Chapter 12: The Firm and Market Structures Flashcards
Average revenue (AR)
Total revenue divided by quantity sold.
Shutdown point
The point at which average revenue is equal to the firm’s average variable cost.
Breakeven point
The point at which average revenue is equal to the firm’s average total cost.
Short-run average total cost
The curve describing average total cost when some costs are considered fixed.
Long-run average total cost
The curve describing average total cost when no costs are considered fixed.
Economies of scale
A decline in costs per unit as output grows, generally resulting from having fixed costs in the cost structure that are spread over more units of output.
Diseconomies of scale
Increase in cost per unit resulting from increased production.
Increasing returns to scale
When a production process leads to increases in output that are proportionately larger than the increase in inputs.

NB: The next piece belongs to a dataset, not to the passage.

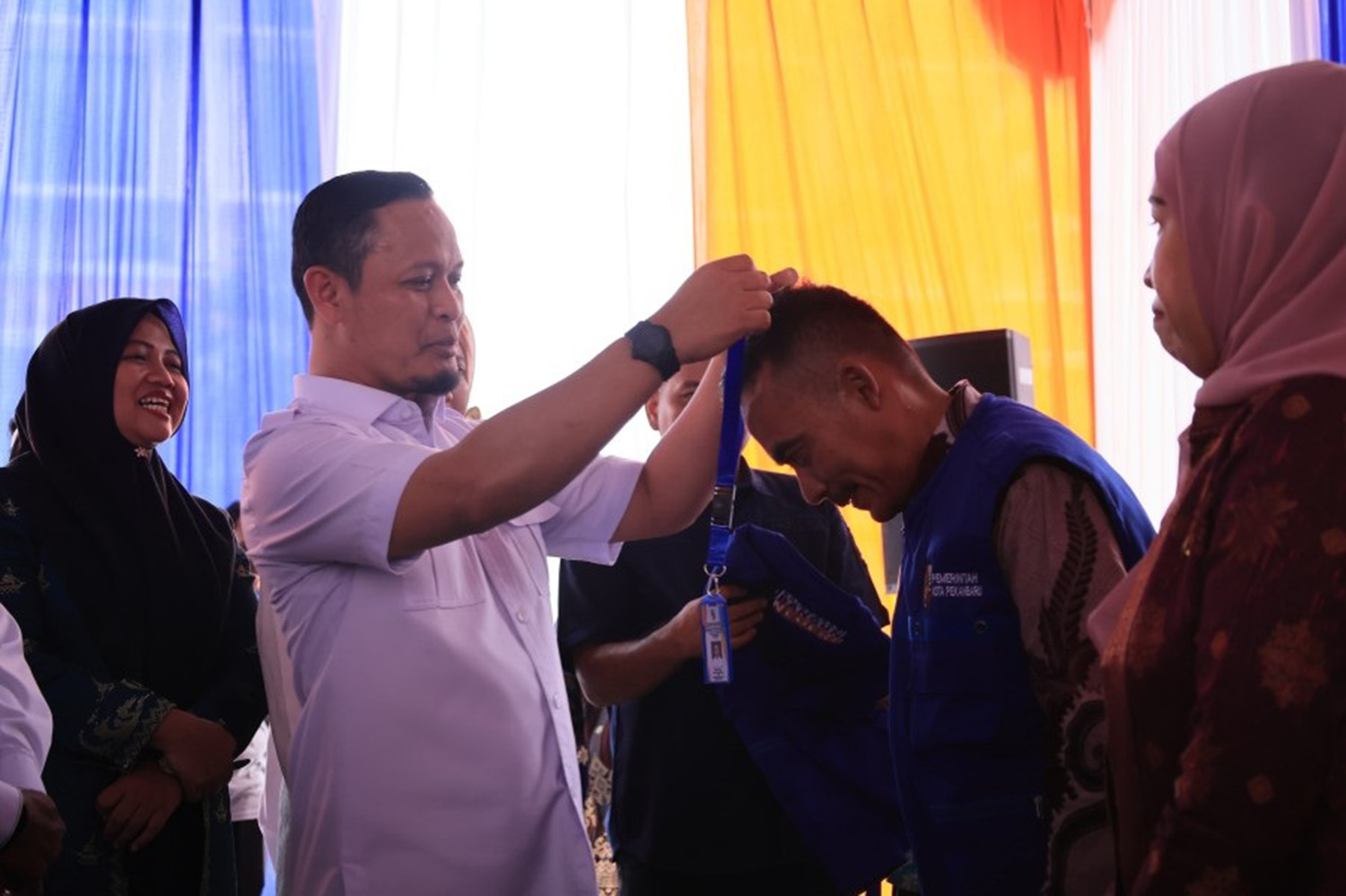 Wali Kota Pekanbaru Agung Nugroho memasangkan kartu tanda pengenal ke ASN dalam peresmian program Satu ASN Satu RW di Kantor Camat Binawidya, Kamis (12/2/2026).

Decreasing returns to scale
When a production process leads to increases in output that are proportionately smaller than the increase in inputs.
Minimum efficient scale
The smallest output that a firm can produce such that its long-run average total cost is minimized.
Perfect competition
A market structure in which the individual firm has virtually no impact on market price, because it is assumed to be a very small seller among a very large number of firms selling essentially identical products.
Monopolistic competition
Highly competitive form of imperfect competition; the competitive characteristic is a notably large number of firms, while the monopoly aspect is the result of product differentiation.
Oligopoly
Market structure with a relatively small number of firms supplying the market.
Monopoly
In pure _____ markets, there are no substitutes for the given product or service. There is a single seller, which exercises considerable power over pricing and output decisions.
Price takers
Producers that must accept whatever price the market dictates.